The shared frameworks and principles between protein structure generation and prediction meant that the best models from both ends were compatible. In collaboration with the Institute for Protein Design at the University of Washington, SE(3) diffusion is already being used to create and experimentally validate new proteins. Specifically, they combined SE(3) diffusion with RosettaFold2, a protein structure prediction tool very similar to AlphaFold2, leading to “RFdiffusion.” This new tool brought protein designers closer to solving crucial problems in biotechnology, including the development of highly specific protein binders for accelerated vaccine design, symmetric protein engineering for gene delivery, and robust motif scaffolding. for precise enzyme design.
FrameDiff’s future efforts involve improving the generality of problems that combine multiple requirements for biologics such as drugs.
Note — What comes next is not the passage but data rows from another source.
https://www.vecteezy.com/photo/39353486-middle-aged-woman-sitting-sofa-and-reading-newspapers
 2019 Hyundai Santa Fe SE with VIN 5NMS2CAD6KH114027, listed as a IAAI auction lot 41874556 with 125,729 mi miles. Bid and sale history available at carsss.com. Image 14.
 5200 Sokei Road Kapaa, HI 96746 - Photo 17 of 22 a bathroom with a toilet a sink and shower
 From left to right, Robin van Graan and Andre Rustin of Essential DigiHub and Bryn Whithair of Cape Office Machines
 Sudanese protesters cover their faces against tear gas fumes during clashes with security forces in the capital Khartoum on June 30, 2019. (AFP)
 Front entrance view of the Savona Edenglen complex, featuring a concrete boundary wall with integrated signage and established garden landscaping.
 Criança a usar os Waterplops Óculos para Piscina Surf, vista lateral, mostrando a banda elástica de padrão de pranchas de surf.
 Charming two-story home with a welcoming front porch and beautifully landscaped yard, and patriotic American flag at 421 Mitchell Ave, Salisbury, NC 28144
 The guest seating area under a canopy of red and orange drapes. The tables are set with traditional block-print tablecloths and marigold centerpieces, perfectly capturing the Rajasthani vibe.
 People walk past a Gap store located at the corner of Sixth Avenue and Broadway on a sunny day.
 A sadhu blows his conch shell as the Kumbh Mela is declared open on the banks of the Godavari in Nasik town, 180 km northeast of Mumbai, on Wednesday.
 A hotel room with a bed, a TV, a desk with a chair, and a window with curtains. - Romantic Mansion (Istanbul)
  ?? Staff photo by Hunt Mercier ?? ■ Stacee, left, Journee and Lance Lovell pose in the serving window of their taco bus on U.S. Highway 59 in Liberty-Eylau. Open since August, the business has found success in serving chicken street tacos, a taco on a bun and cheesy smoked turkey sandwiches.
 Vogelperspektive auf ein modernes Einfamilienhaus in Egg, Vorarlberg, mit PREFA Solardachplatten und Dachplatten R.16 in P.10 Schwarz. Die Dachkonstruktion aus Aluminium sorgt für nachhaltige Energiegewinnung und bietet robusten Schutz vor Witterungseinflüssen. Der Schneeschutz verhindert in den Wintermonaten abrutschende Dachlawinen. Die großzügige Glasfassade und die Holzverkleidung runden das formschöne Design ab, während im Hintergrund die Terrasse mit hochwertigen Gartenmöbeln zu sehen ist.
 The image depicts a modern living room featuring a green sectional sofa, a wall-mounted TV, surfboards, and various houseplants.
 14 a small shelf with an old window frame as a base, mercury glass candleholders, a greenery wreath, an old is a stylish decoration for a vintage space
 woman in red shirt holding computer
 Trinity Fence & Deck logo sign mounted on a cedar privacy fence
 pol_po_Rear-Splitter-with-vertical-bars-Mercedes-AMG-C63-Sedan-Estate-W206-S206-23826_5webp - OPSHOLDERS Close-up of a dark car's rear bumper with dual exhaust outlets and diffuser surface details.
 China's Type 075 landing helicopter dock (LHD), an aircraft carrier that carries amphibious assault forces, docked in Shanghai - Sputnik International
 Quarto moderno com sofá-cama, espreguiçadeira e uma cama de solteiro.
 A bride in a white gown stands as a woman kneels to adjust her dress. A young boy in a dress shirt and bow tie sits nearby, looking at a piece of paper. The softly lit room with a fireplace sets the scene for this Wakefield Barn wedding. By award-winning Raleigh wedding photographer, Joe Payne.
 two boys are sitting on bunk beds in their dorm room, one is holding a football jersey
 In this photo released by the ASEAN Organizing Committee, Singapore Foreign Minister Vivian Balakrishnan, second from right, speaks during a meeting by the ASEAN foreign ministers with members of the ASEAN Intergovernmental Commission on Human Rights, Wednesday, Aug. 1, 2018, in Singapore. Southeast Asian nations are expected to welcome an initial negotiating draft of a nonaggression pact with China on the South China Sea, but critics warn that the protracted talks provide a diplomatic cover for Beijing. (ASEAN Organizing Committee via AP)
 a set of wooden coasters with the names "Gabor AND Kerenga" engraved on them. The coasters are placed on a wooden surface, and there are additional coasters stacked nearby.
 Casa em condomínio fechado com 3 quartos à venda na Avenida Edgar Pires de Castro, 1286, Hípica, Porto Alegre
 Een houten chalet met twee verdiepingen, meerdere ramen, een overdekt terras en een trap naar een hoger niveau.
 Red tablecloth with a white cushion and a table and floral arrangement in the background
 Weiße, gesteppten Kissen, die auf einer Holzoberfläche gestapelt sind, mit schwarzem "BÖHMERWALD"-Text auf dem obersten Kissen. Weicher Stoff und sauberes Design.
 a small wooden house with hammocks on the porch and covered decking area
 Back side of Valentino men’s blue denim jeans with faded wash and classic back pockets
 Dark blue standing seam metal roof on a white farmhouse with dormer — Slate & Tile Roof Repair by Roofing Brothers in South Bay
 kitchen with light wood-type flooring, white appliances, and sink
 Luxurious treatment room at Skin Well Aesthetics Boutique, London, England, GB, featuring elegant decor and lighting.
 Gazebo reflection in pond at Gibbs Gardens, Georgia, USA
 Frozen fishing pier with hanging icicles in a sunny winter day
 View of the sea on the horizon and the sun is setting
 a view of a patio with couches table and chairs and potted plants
Another extension is to generalize the models to all biological modalities, including DNA and small molecules. The team posits that by expanding FrameDiff’s training on more substantial data and improving its optimization process, it could generate fundamental structures with design capabilities on par with RFdiffusion, while preserving FrameDiff’s inherent simplicity.
“Discarding a pre-trained structure prediction model (on FrameDiff) opens up possibilities for rapidly generating structures that extend to large lengths,” says Harvard University computational biologist Sergey Ovchinnikov. The researchers’ innovative approach offers a promising step toward overcoming the limitations of current structure prediction models. Although this is still preliminary work, it is an encouraging step in the right direction. “As such, the vision of protein design, which plays a critical role in addressing humanity’s most pressing challenges, appears increasingly achievable, thanks to the pioneering work of this MIT research team.”
Yim wrote the paper alongside Columbia University postdoc Brian Trippe, researcher at the French National Center for Scientific Research in Paris, Center for Data Science, Valentin De Bortoli, University of Cambridge postdoc, Emile Mathieu, and Oxford University statistics professor and senior research scientist at DeepMind, Arnaud Doucet. . MIT professors Regina Barzilay and Tommi Jaakkola advised the research.
The team’s work was supported, in part, by MIT’s Abdul Latif Jameel Clinic for Machine Learning in Health, EPSRC grants, and a Prosperity Partnership between Microsoft Research and the University of Cambridge, the Graduate Research Fellowship Program. the National Science Foundation, the NSF Expeditions grant, and Machine Learning. for the Pharmaceutical Synthesis and Discovery consortium, the DTRA Discovery of Medical Countermeasures against New and Emerging Threats program, the DARPA Accelerated Molecular Discovery program, and the Sanofi Computational Antibody Design grant. This research will be presented at the International Conference on Machine Learning in July.